パナソニックのエネファームにおいて発電を担う燃料電池スタックは、セパレーターに挟み込まれた膜/電極接合体(MEA)の集合体で構成されている。MEAの燃料極に水素、空気極に酸素が供給され、電気化学反応により発電が行われる。ゴアセレクトメンブレンはMEAの電気化学反応において発生する水素イオン(プロトン)を燃料極から空気極に移送する役割を果たす。
パナソニックのエネファームは2009年に第1世代が発売されて以来、高効率のコージェネレーションシステムとしてCO2排出の削減や家庭の光熱費の削減に貢献してきた。第6世代製品では、総合効率がこれまでの95%からさらに97%へと引き上げられたほか、発電と給湯に限定されていたエネルギー利用の対象を暖房にまで広げており、熱を床暖房に活用することが可能になった。

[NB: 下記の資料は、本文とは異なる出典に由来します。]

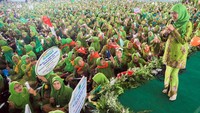 Insyaallah saya akan maju lagi di Pilgub Jatim 2024, ujar Khofifah saat memberi orasi di Jatim Expo Surabaya, Kamis (7/12/2023).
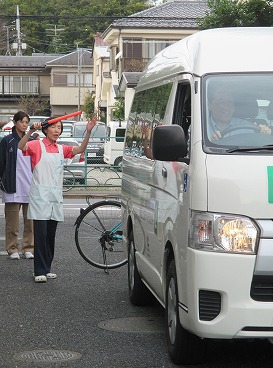 　　運転手さんと目を合わせることも必要です。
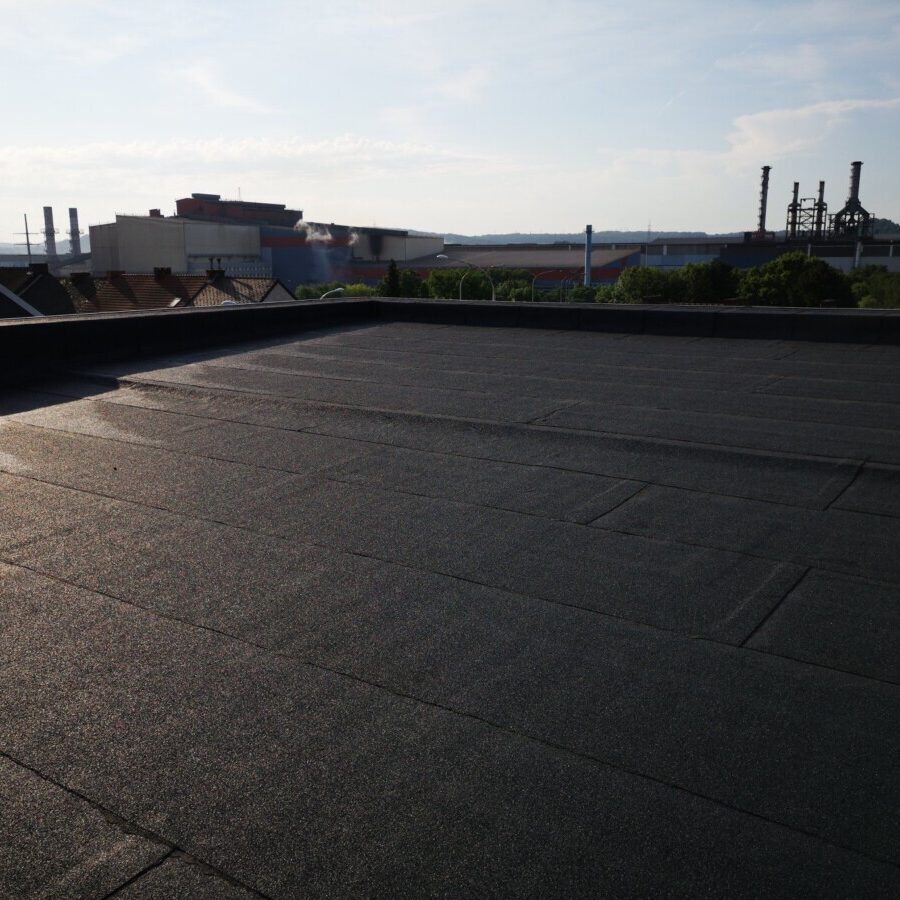 Maison communale de Châtelet - Toiture plate - Membrane d'étanchéité bitumineuse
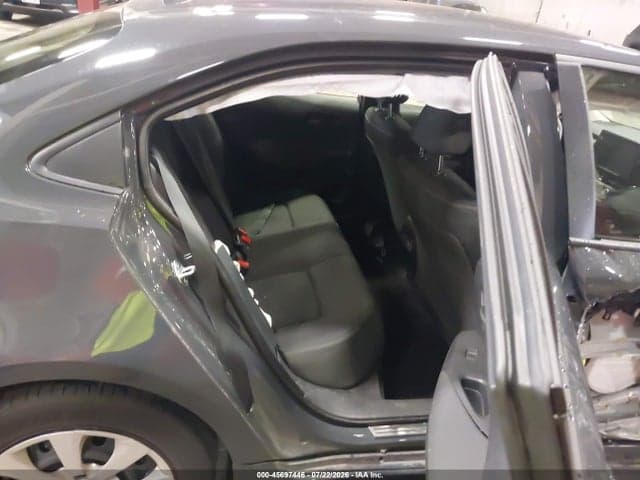 2026 TOYOTA COROLLA LE 8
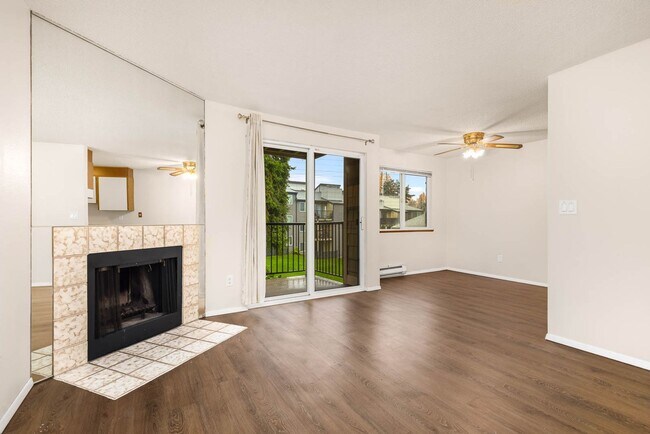 Photo - 2020 Grant Ave S Apartamento Unidad C202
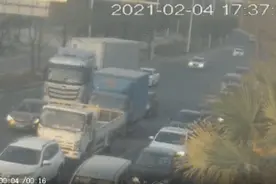 悲催！男子喜提新车刚上路就被撞！肇事司机竟是他老婆？图片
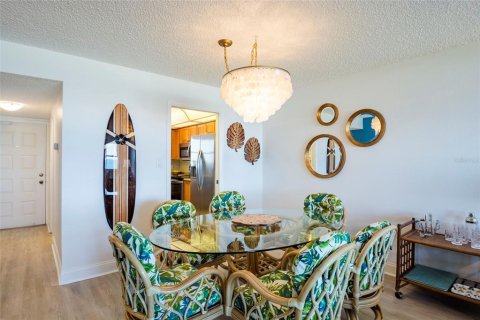 Condo in Clearwater, Florida, 2 bedrooms  № 1560791 - photo 4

ゴアはパナソニックと第1世代の開発段階から協力関係を続けており、各世代の開発において厳しい要求に応え、パナソニックのエネファームの技術革新、性能向上の一役を担ってきた。
ゴアセレクトメンブレンは、ePTFE(延伸ポリテトラフルオロエチレン)を用いた独自の補強膜技術により、十分な強度を保ちながら薄膜化することが可能だ。これにより、高プロトン伝導性による高い発電性能の実現に貢献するとともに、システムの長期使用においてイオン交換膜に対して求められる物理的耐久性能を満たしている。また、高い化学耐久性能を備え、家庭用燃料電池システムのプロトン交換膜として高く評価されている。
ゴアはプロトン交換膜(PEM)[p1]燃料電池技術で世界をリードしている。ゴアセレクトメンブレンは要求の厳しい燃料電池自動車アプリケーションの業界標準であり、トヨタ自動車の「MIRAI」や本田技研工業株式会社の「クラリティFUELCELL」、現代自動車の「NEXO」などの市販されている燃料電池自動車に採用されている。
温室効果ガス排出量削減に向けた取り組みが強まる中で、多くの国が定置用燃料電池システムや燃料電池自動車などの水素技術の利用を促進する方法を探っている。ゴアの燃料電池部材は、ゴアが1980年代前半に燃料電池業界に参入して以来、すでに世界各国で数千のアプリケーションに採用されている。